# Sports bars near CFLRS



## NRobichaud (17 Jan 2013)

I'm a big fan of the UFC and I was wondering if there are any good spots nearby that play the ppv's live?


----------



## brent164 (17 Jan 2013)

Yes there's a couple in St Jean, Boston Pizza is the most popular for people on base because it's the closest and the Holiday Inn is next door. They also have a Sports Bar called La Cage or something like that. Its pretty sweet as well. There's others but I never went to them. If you're lucky, it might be played in the mess on bass; They have satellite TV down there. Good luck at CFLRS.


----------



## DnBeresford (17 Jan 2013)

A navy friend gave me a gift card for Boston Pizza, and said that's where most people go.


----------



## yoman (17 Jan 2013)

brent164 said:
			
		

> They also have a Sports Bar called La Cage



It's called La Cage aux Sports. http://en.cage.ca/home 

My preference was normally Boston Pizza.


----------



## SentryMAn (17 Jan 2013)

Go to Montreal, it's like $8-10 on the Public transit which is within walking distance of the Mega.

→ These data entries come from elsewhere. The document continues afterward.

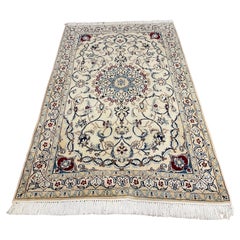 Authentic Persian Hand Knotted Cream Floral Nain Rug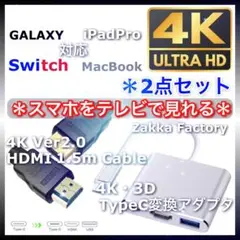 2点 タイプC ケーブル HDMI 1.5m テレビ接続 iPhone15プロ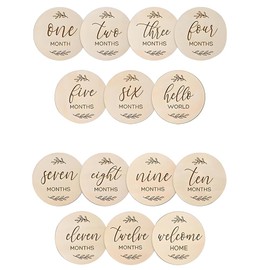 7 Pcs Double-Sided Baby Milestone Cards ， Baby Monthly Cards，Monthly Growth Tracking Signs for Newborns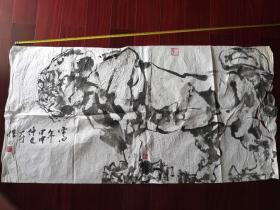 广东已故著名青年书画家，漫画家刘一行写意动物《老虎》之四，136cm*68cm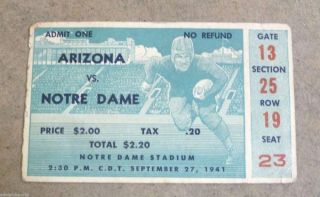 Notre Dame Arizona College Football Ticket - 1941 - Frank Leahy 1st Game Ever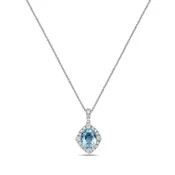 Charles Krypell 18K White Gold Pastel Collection Aquamarine & Diamond Halo Pendant Necklace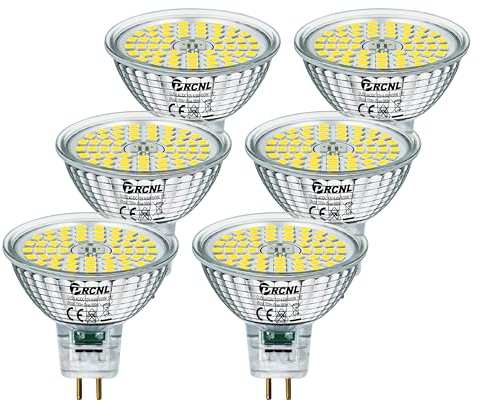 PRCNL GU5.3 MR16 Lampadine LED 6,5W Luce Bianco Freddo 6000K, Equivalente a 60W Alogena, AC/DC 12V, 700 Lumen, Angolo a Fascio 120 °, Non-Dimmerabile, Nessun Sfarfallio, 6 Pezzi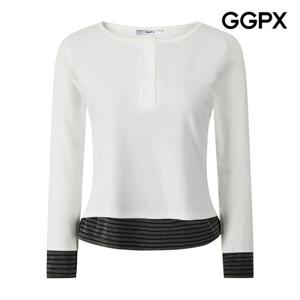 [지지피엑스]스트라이프 배색 스판 티셔츠 GQ1TS014F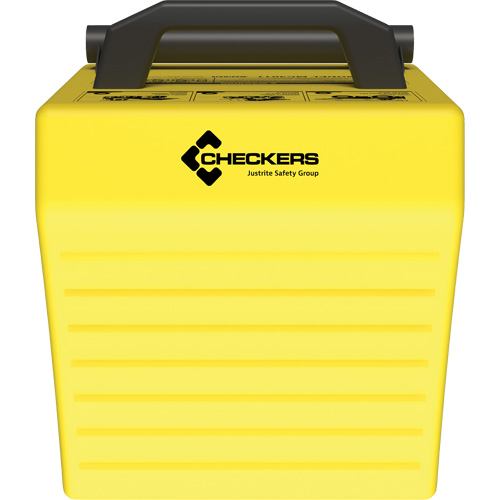 Cale de roue ultra-robuste pour l'exploitation mini&egrave;re Checkers Safety, PEHD, Jaune, 14-1/2" la x 17-1/2" p x 16" h Seagulf Marine Industries Inc.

Way more choices for sports bars(one down on Ste. Cath Street) and you get away from the Shinanigans that will happen at BP or other bars in the area.


----------



## NRobichaud (17 Jan 2013)

Thanks guys! I was thinking going to MTL would probably be the best option on leave weekends, just to get away from it all, but I do have a week spot for Boston Pizza's ribs. If all goes well with my platoon and we get to leave on the weekend I will definitely be attending UFC158 at Centre Bell, anyone else?


----------